Activity. Output only the lines below from the one holding "Зарядка USB-устройств Hoco" down to the one holding "1Pcs Gold Cake", both end lines included and every picture dropped.

Material shown.
_ _ _ _

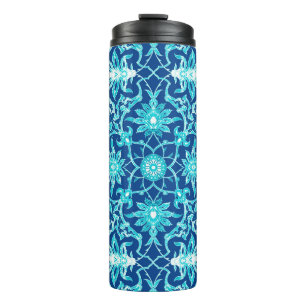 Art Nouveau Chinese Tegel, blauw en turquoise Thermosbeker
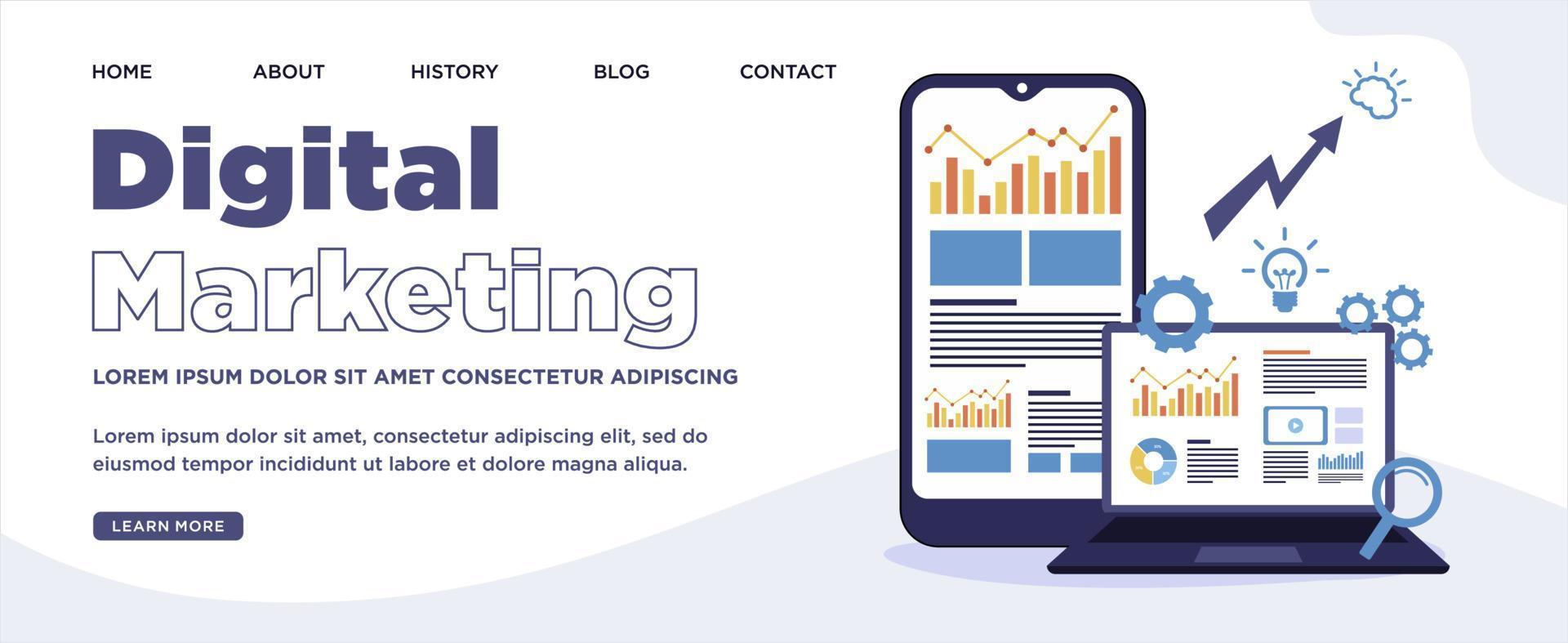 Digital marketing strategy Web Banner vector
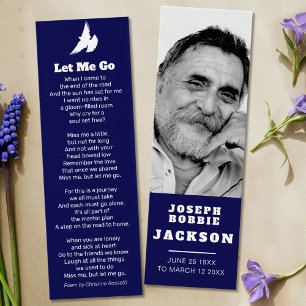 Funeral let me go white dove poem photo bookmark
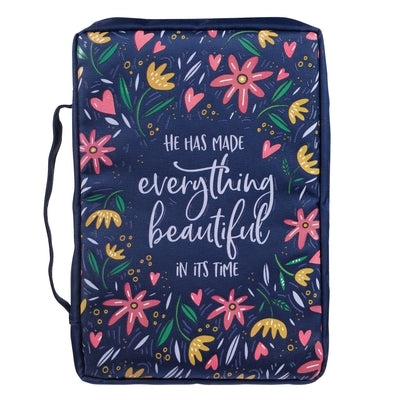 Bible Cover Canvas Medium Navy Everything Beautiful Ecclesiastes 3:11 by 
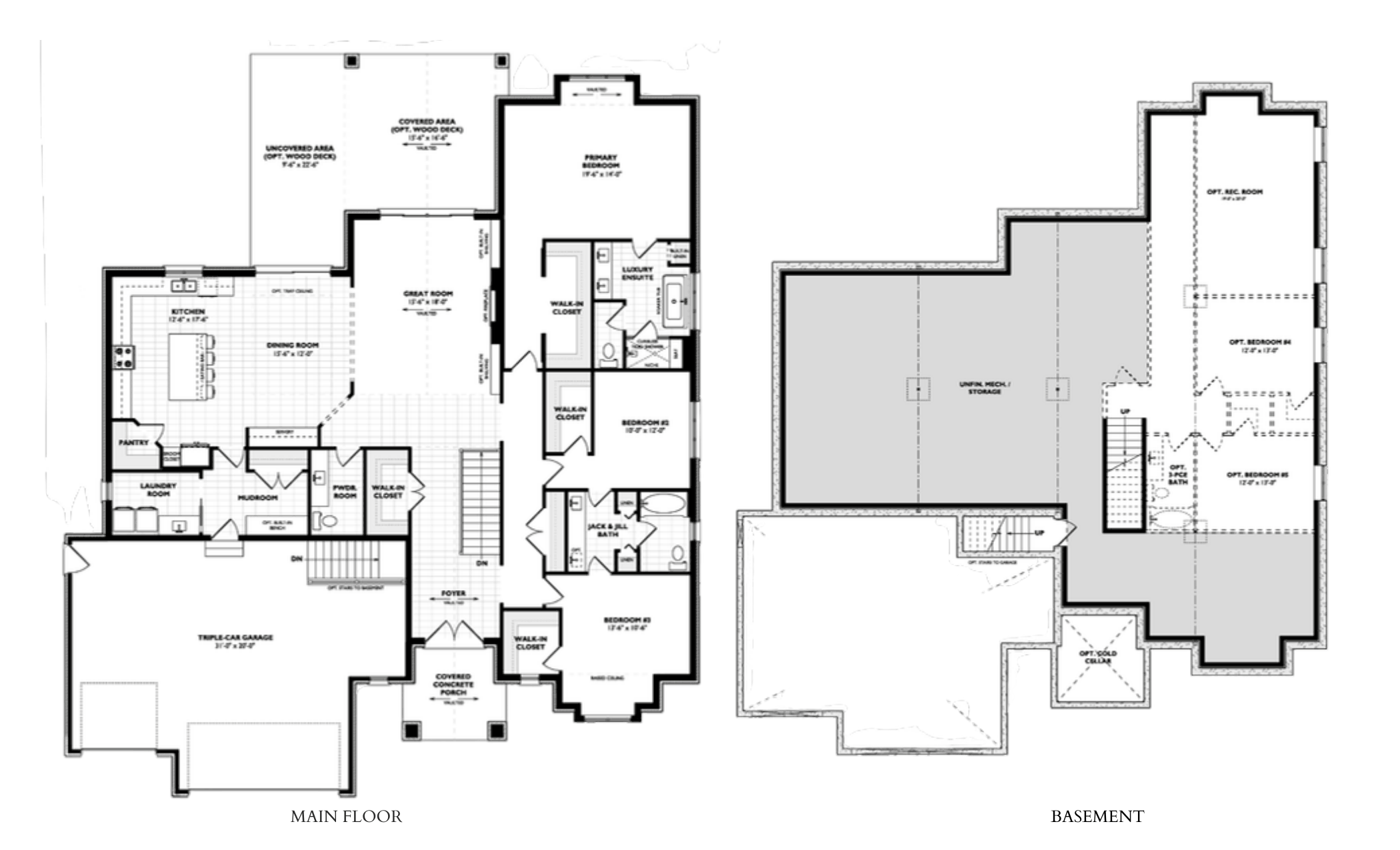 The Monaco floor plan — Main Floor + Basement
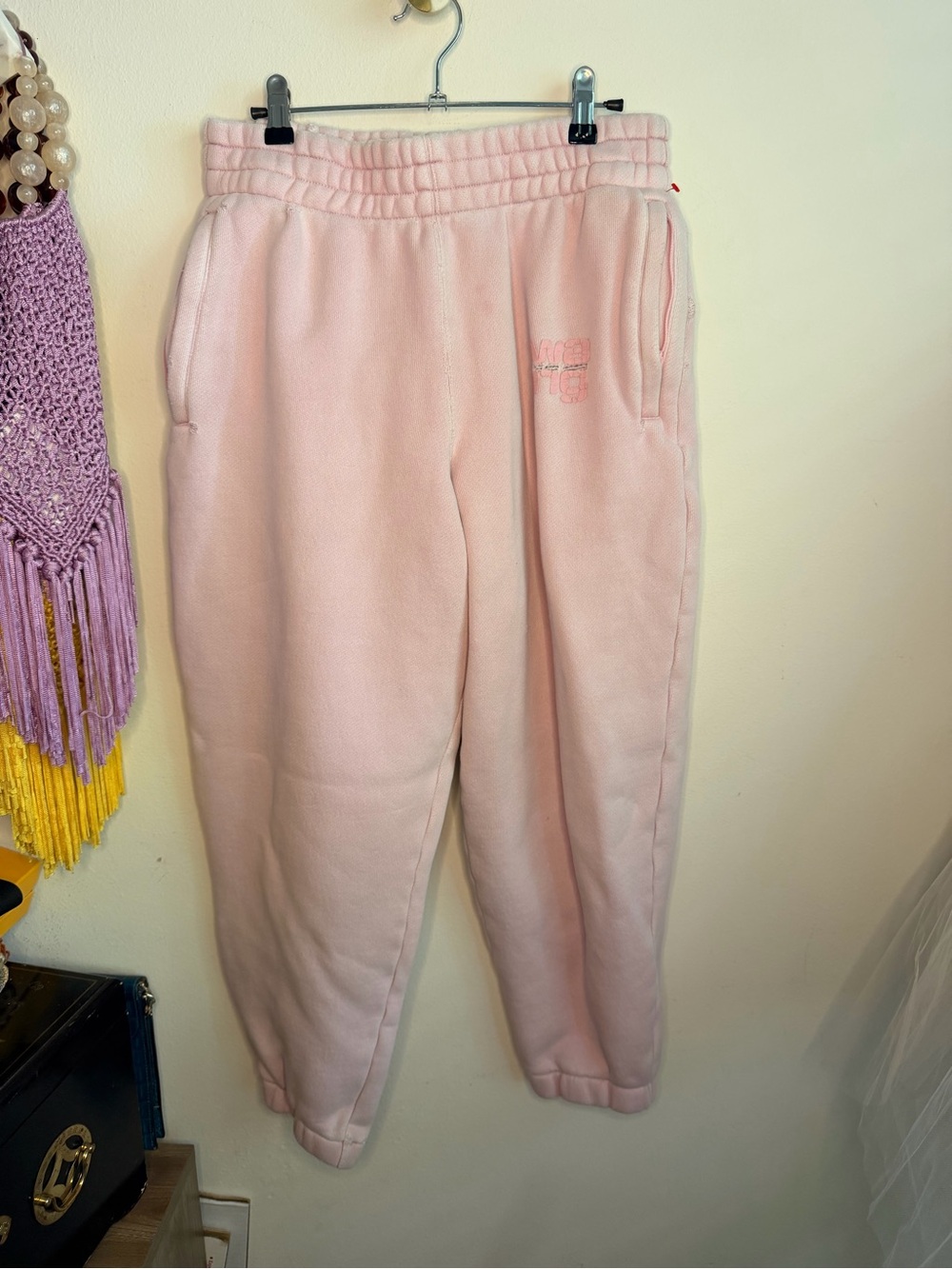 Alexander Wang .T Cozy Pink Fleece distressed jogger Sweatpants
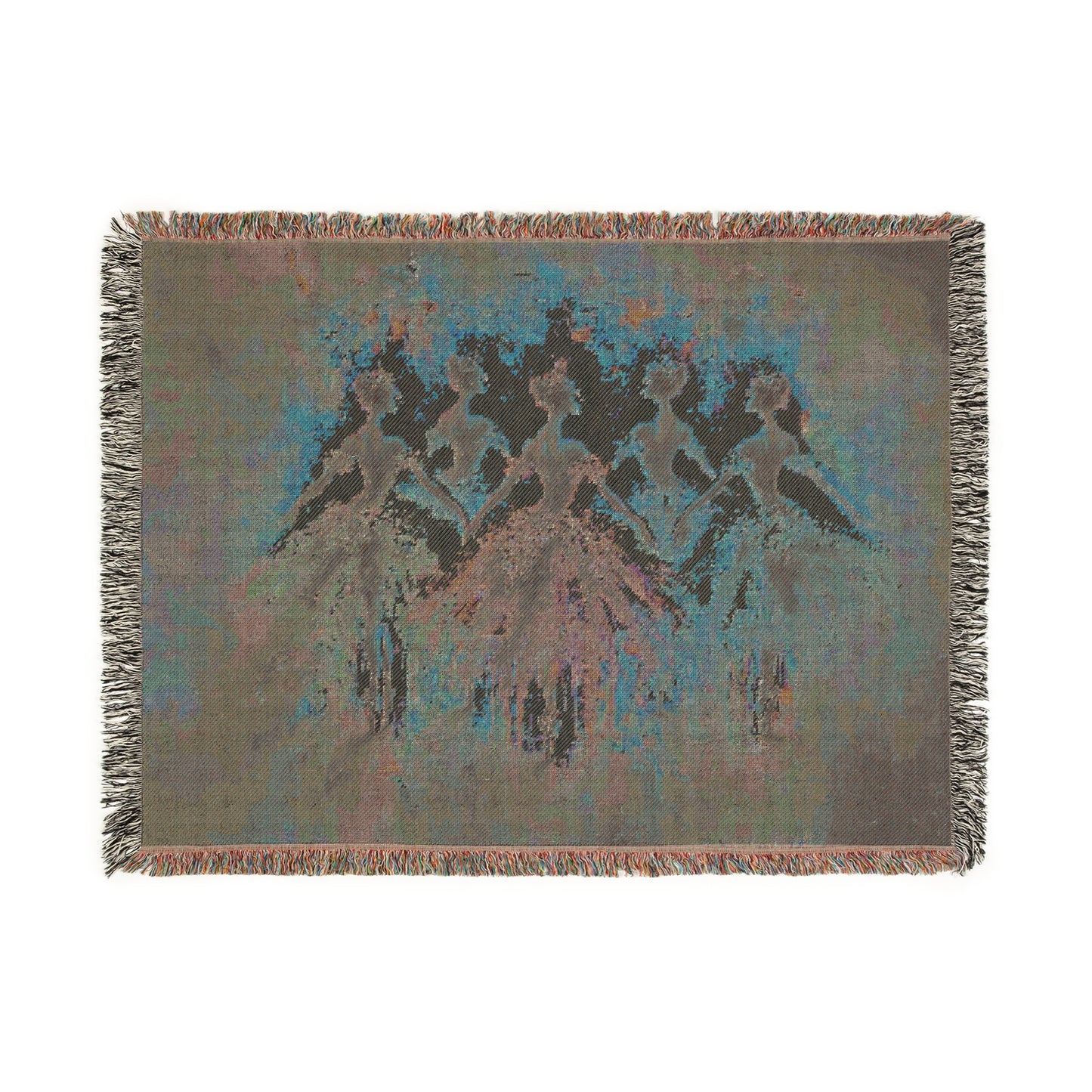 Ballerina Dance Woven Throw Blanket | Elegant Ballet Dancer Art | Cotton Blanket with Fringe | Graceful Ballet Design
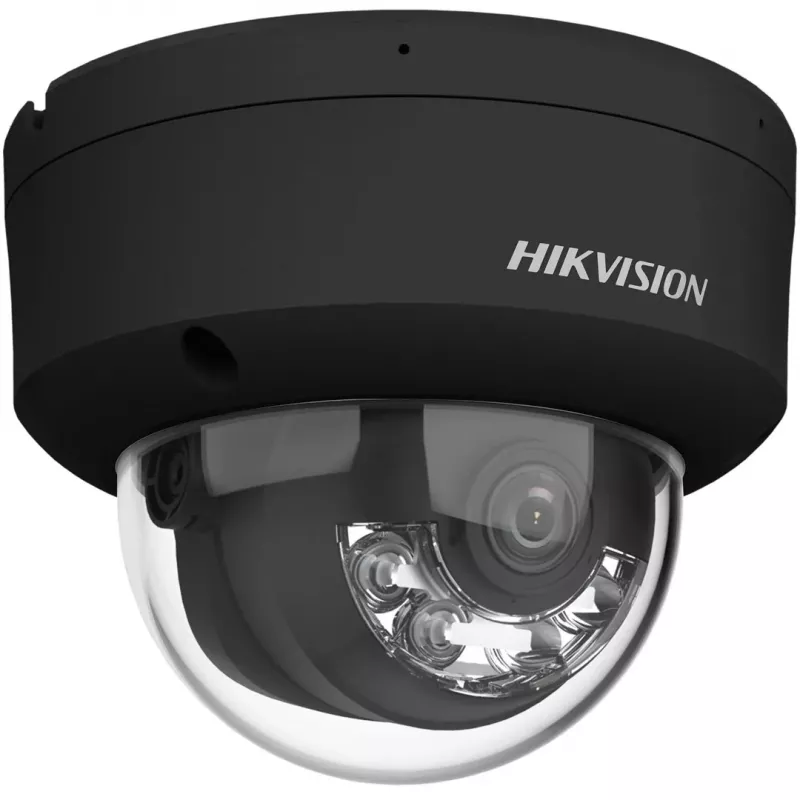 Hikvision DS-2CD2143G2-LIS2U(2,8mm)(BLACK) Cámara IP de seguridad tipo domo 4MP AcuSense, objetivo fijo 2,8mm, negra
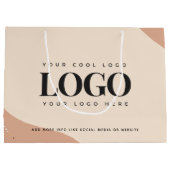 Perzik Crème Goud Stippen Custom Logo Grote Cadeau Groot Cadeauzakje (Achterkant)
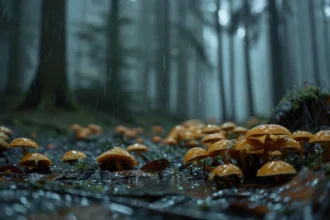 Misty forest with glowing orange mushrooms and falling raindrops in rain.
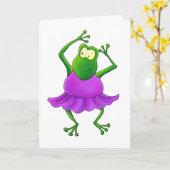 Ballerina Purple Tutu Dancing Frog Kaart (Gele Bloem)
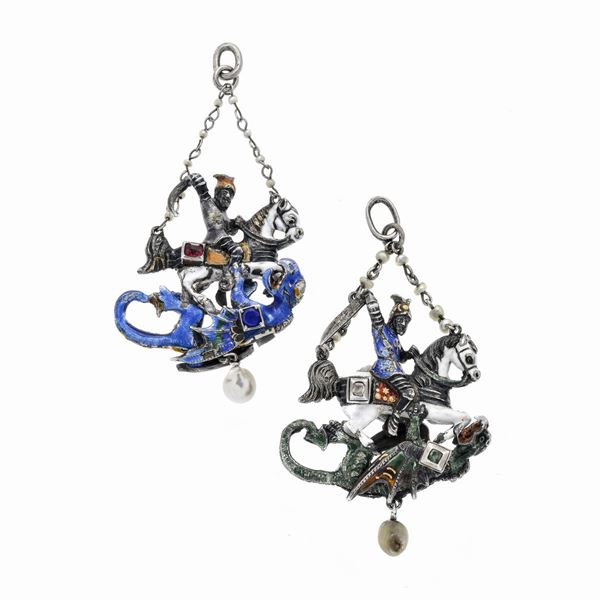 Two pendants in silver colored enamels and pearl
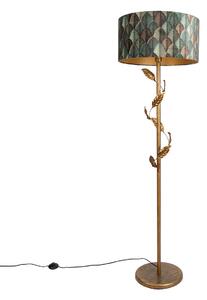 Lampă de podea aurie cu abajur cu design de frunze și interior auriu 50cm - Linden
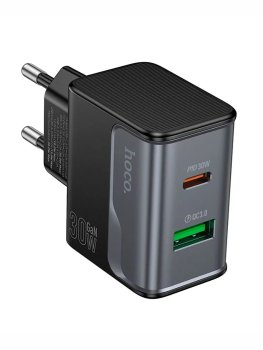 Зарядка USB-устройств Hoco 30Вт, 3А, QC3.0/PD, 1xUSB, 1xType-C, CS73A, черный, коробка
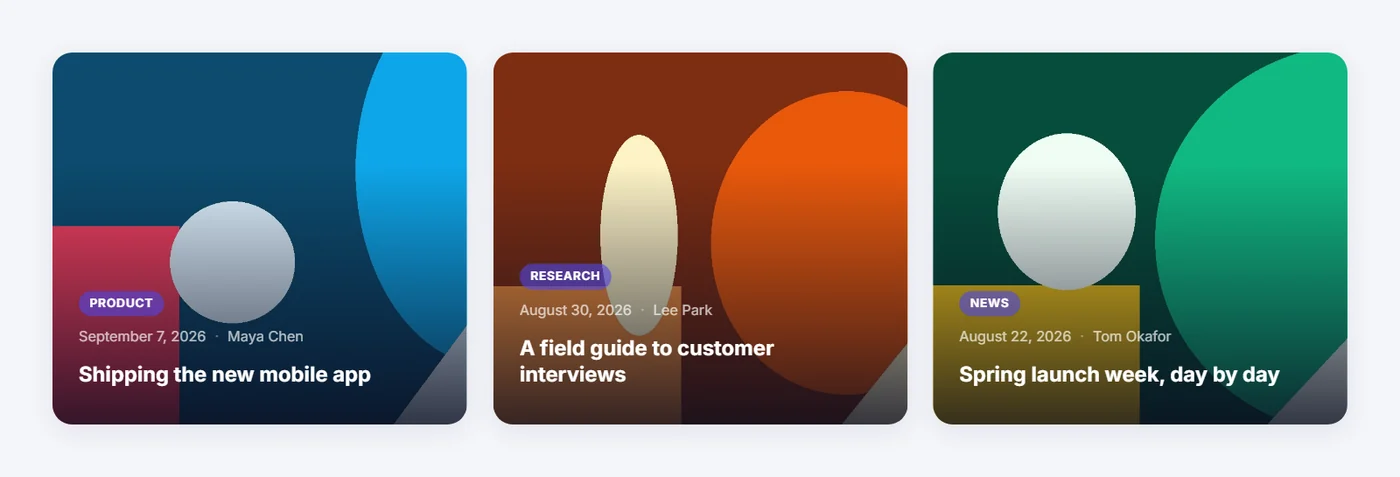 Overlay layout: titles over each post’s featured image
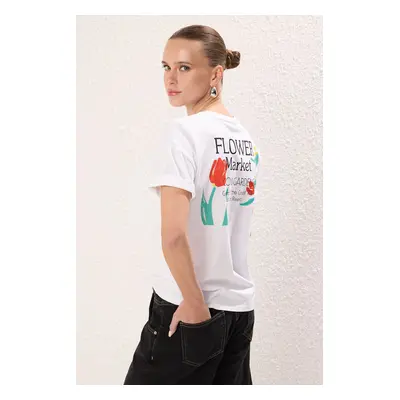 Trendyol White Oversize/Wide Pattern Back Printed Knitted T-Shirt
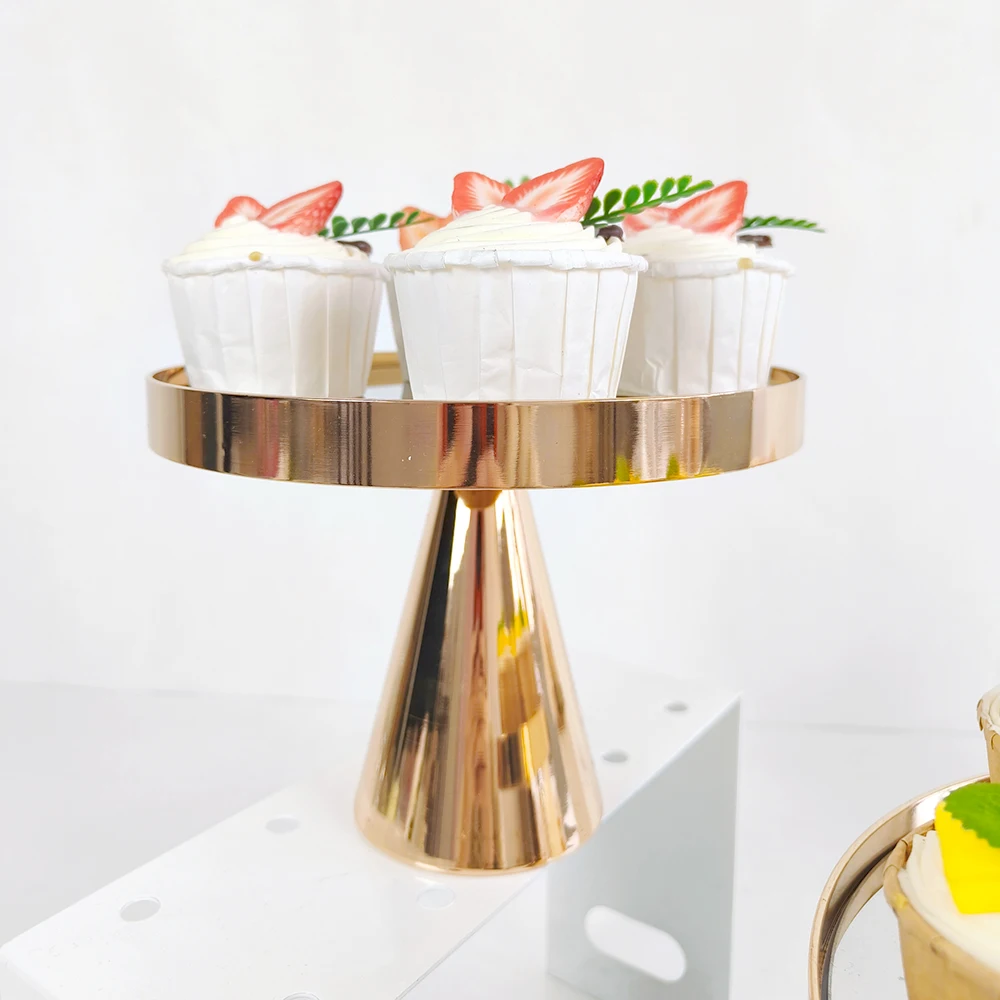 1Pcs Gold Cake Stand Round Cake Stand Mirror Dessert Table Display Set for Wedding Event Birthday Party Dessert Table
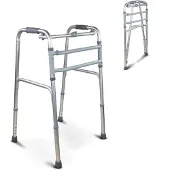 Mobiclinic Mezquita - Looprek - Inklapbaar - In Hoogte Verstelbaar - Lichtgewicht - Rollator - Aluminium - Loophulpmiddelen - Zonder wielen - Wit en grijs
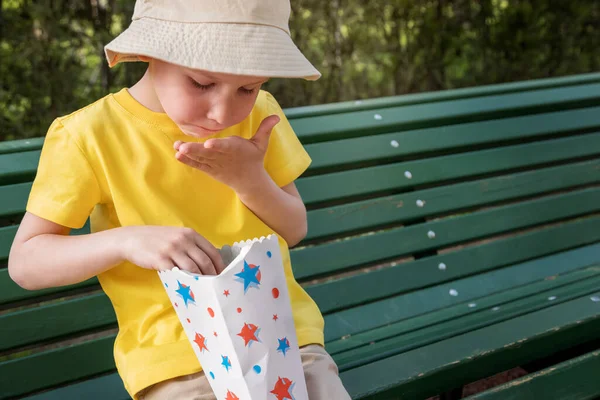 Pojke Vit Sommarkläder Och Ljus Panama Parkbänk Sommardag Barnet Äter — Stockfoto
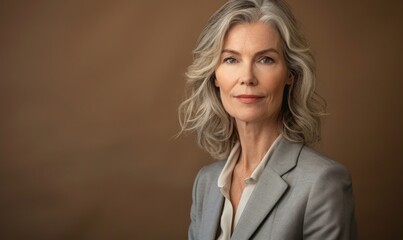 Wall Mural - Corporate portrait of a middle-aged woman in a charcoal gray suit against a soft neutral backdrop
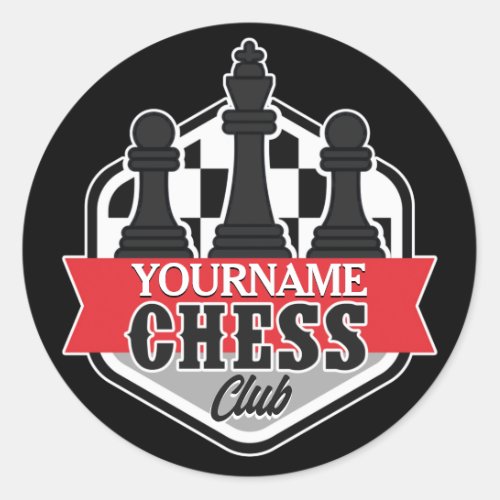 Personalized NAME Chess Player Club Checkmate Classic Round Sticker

_ _ _ _

Answer below.
 Зарядка USB-устройств Hoco 30Вт, 3А, QC3.0/PD, 1xUSB, 1xType-C, CS73A, черный, коробка
 Overlay layout: titles over each post’s featured image
 Trendyol White Oversize/Wide Pattern Back Printed Knitted T-Shirt
 1Pcs Gold Cake Stand Round Cake Stand Mirror Dessert Table Display Set for Wedding Event Birthday Party Dessert Table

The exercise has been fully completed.